The promise of lenticule implantation is exciting, but much remains to be done to bring this technique into mainstream practice. Therefore, we recently established an international research group, whose members include many renowned surgeons in the field of cornea, such as Harminder Singh Dua, CBE, FRCS (UK); Béatrice Cochener, MD, PhD (France), Jorge L. Alió, MD, PhD and Jorge L. Alió del Barrio (Spain), Josè L. Guell, MD, PhD (Spain), Jodhbir S. Mehta, BSc(Hons), MBBS, FRCOphth, FRCS(Ed), FAMS (Singapore), and our own team in Italy.

The goal is to pool research in this developing field, avoid single-center bias, perform multicenter trials, and set standards and protocols for the technique of lenticule implantation for the benefit of the wider ophthalmological community. Another broad aim of the group will be to promote the creation of a European eye bank to preserve tissues and lenticules donated by refractive surgery patients that could be processed and certified for eventual clinical use.
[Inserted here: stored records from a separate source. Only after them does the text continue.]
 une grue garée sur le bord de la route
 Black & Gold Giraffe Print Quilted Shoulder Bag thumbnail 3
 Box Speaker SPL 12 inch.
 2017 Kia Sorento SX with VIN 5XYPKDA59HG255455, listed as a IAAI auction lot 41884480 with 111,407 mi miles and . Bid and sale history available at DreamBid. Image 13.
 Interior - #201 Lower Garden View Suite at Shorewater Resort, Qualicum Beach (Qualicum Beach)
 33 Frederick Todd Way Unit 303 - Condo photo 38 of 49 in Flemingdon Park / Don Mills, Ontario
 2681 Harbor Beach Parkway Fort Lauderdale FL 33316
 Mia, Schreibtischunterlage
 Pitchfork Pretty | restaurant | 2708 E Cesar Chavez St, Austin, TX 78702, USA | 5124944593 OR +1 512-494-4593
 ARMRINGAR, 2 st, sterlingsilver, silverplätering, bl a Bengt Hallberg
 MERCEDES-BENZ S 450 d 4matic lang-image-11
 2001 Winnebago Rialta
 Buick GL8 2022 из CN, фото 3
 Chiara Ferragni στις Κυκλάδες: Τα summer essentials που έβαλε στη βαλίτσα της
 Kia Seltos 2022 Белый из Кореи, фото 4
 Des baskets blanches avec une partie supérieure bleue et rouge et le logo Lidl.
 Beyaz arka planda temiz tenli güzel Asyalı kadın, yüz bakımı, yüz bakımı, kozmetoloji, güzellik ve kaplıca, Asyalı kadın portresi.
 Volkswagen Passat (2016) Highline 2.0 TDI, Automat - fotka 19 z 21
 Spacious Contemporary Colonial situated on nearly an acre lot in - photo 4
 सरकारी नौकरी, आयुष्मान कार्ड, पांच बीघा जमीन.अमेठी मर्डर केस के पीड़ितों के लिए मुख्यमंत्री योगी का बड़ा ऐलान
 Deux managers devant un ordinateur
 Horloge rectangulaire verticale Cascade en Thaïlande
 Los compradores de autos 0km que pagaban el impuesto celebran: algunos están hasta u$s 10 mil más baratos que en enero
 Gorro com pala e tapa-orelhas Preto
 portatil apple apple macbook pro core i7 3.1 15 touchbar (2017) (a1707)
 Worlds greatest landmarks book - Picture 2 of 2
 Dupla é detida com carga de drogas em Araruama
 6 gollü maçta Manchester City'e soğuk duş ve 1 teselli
Figure 3. Widefield swept source OCT scan revealing that the lenticule was correctly placed inside the pocket with a peripheral bulging of the anterior and posterior surface.

CONCLUSION

Although it is still early and more studies with longer follow-up are needed, the SLAK procedure has been shown to be safe and clinically efficient in improving the corneal shape (Figure 3) and vision in patients with keratoconus.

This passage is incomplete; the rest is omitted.